Source data
▼

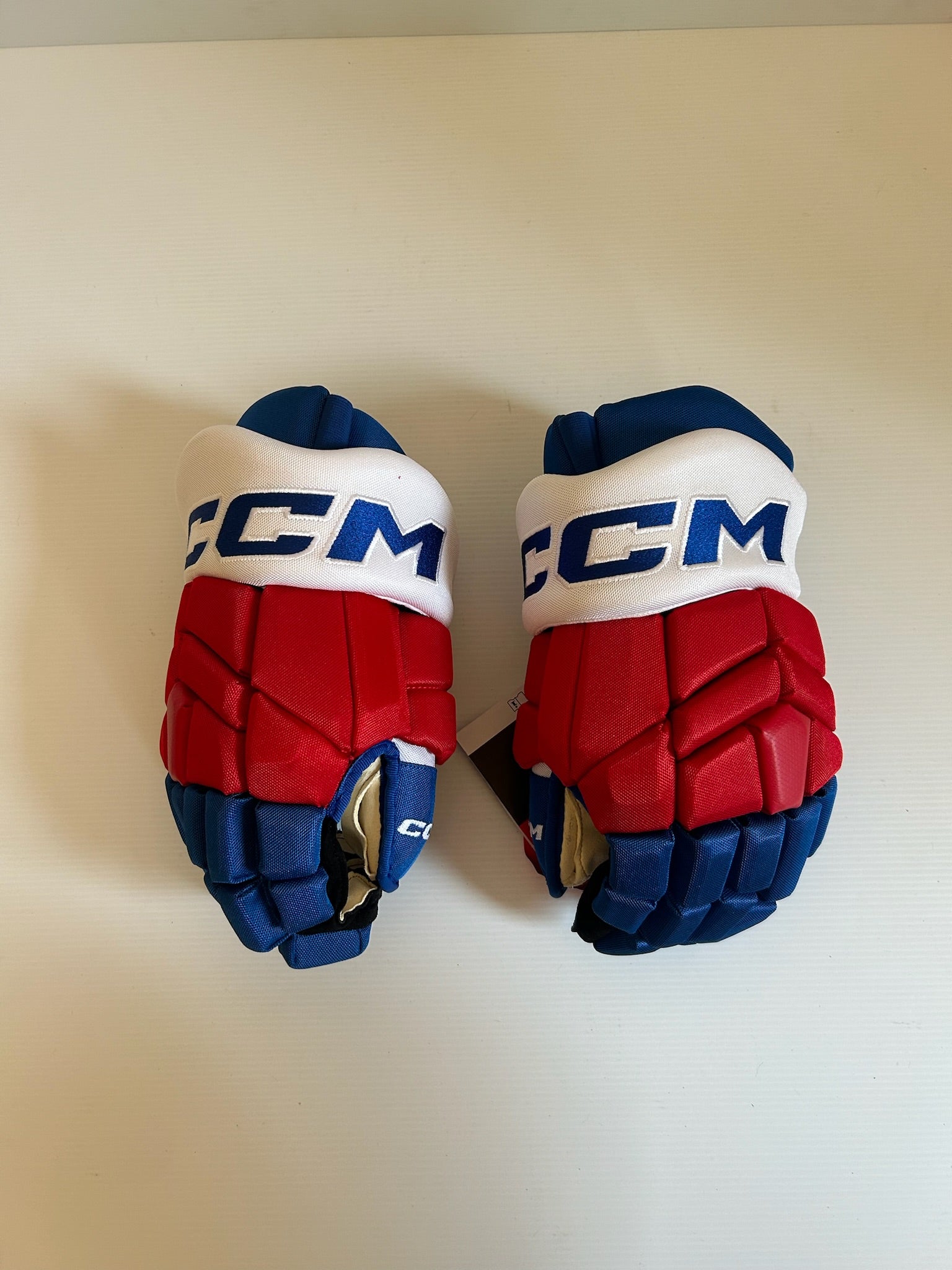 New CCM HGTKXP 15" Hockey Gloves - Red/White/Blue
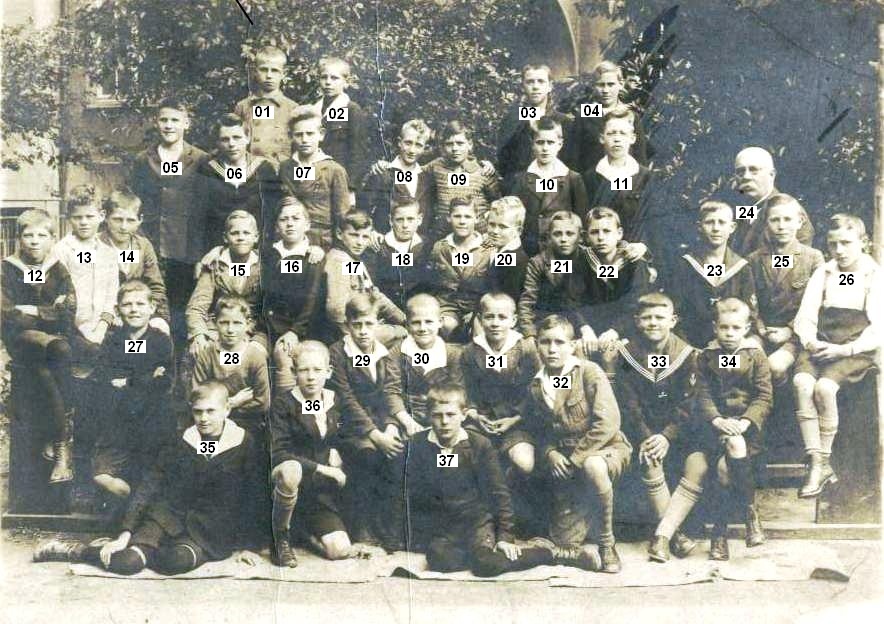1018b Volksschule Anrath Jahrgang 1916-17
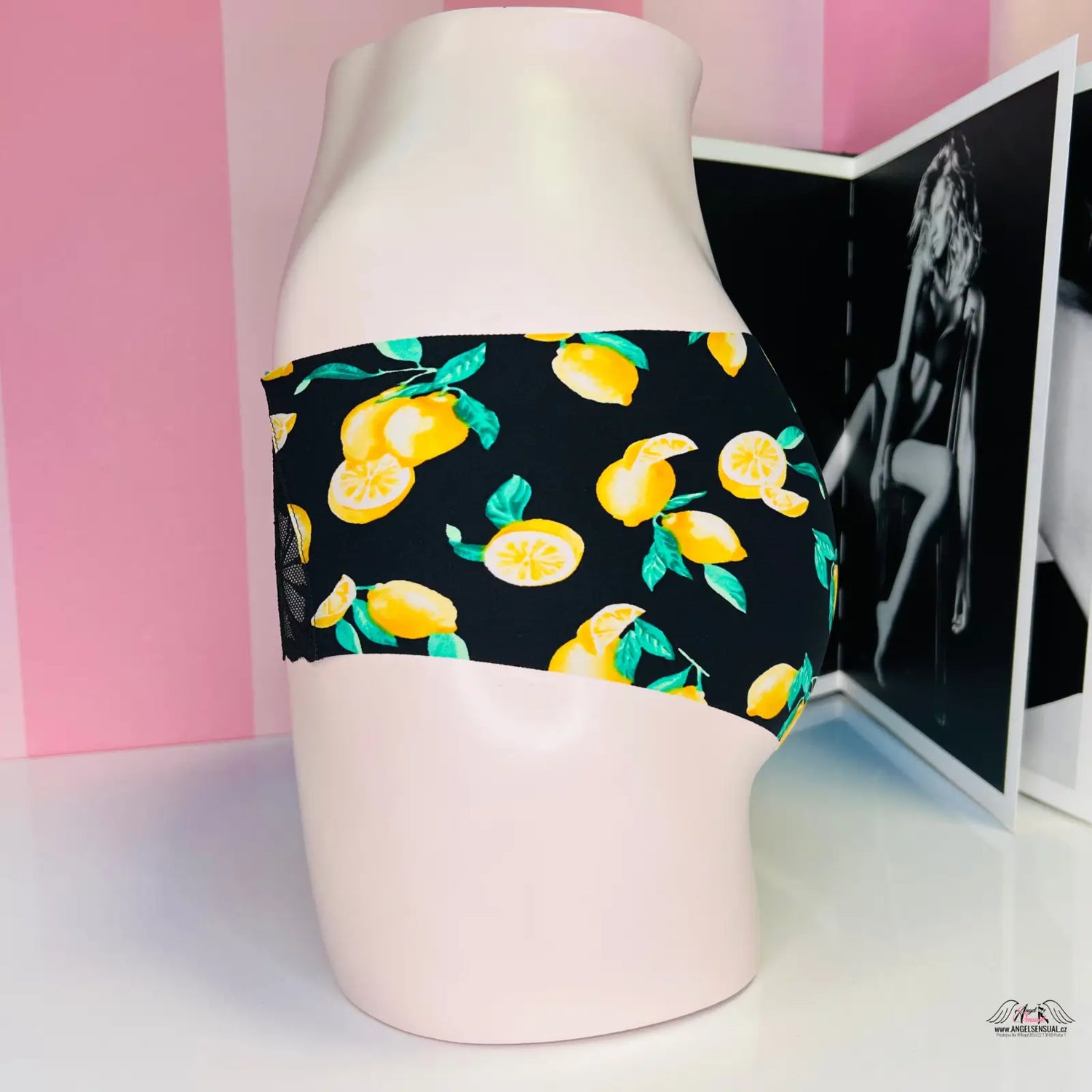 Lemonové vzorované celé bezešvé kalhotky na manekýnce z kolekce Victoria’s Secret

▲

What you should do
Before you return the listing exactly, strip out its pictures.

Answer to this task
 New CCM HGTKXP 15" Hockey Gloves - Red/White/Blue
1018b Volksschule Anrath Jahrgang 1916-17
 Lemonové vzorované celé bezešvé kalhotky na manekýnce z kolekce Victoria’s Secret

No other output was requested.